## Requirement:
Give again, word for word, the lines below that run from the line with "Doudou Koala Bébé – Image 3" through the line with "PARKETTGOLV NQD OAK FROST 5G 2.89M²/PKT". Drop the pictures.

## Data provided:

---*---

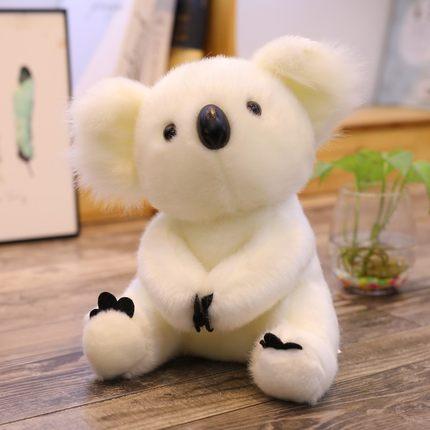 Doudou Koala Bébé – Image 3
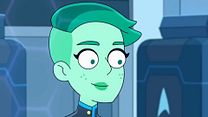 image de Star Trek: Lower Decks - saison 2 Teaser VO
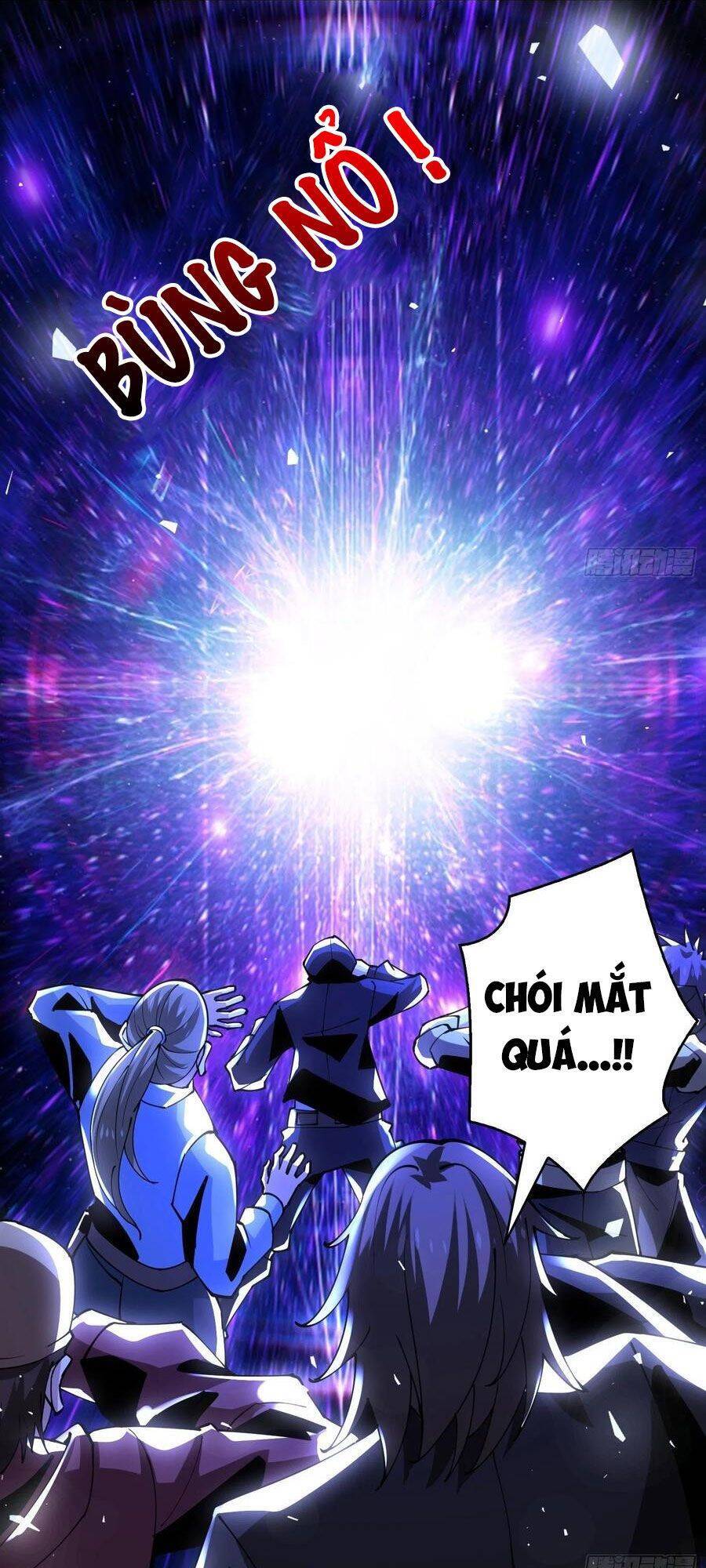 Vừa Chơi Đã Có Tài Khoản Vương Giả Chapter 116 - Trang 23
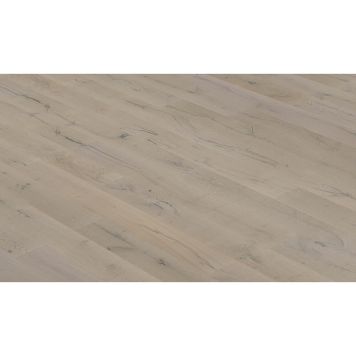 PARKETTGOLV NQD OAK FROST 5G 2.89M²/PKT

---*---

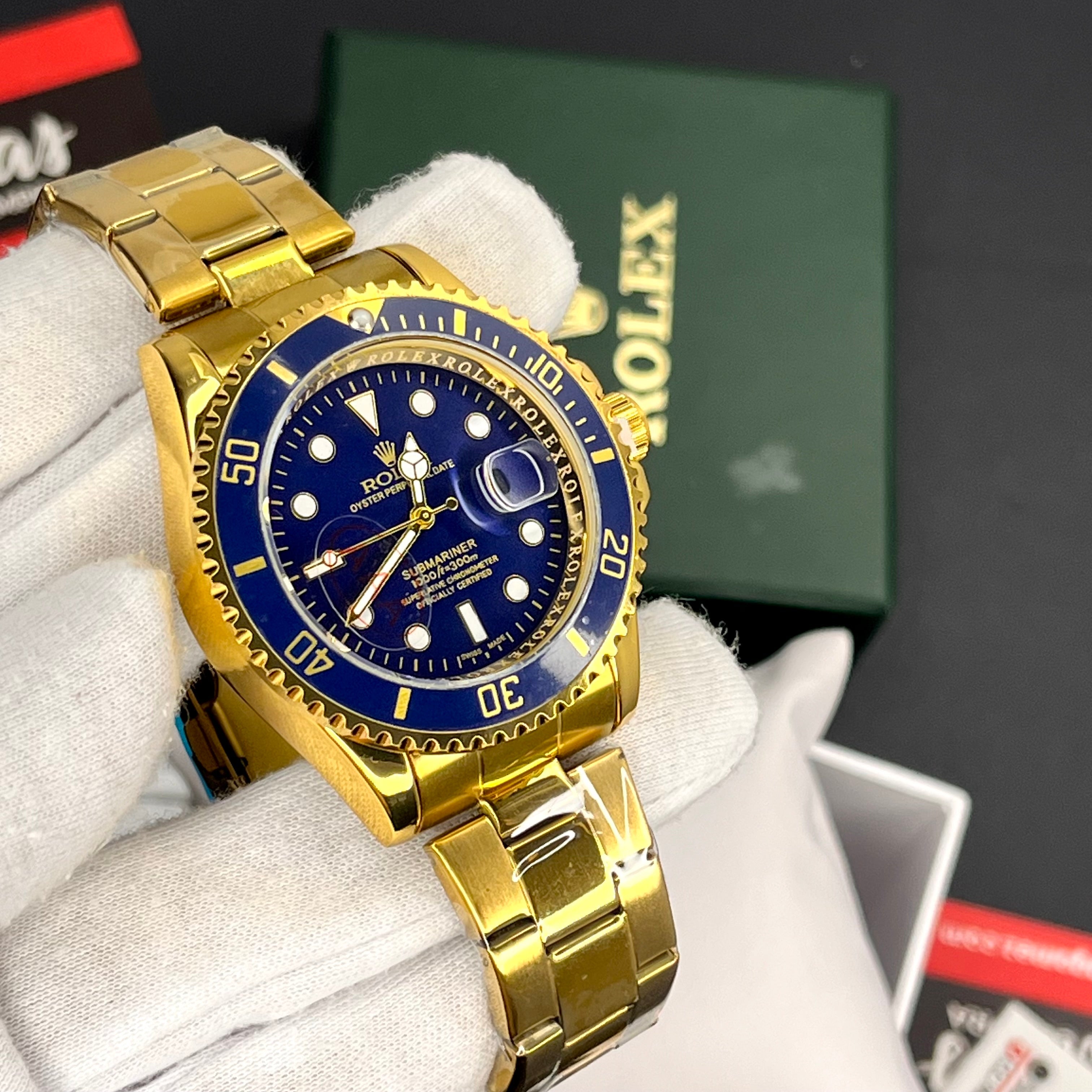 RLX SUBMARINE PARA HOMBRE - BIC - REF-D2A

---*---

## Solution to the exercise:
 Doudou Koala Bébé – Image 3
 image de Star Trek: Lower Decks - saison 2 Teaser VO
 Vừa Chơi Đã Có Tài Khoản Vương Giả Chapter 116 - Trang 23
 PARKETTGOLV NQD OAK FROST 5G 2.89M²/PKT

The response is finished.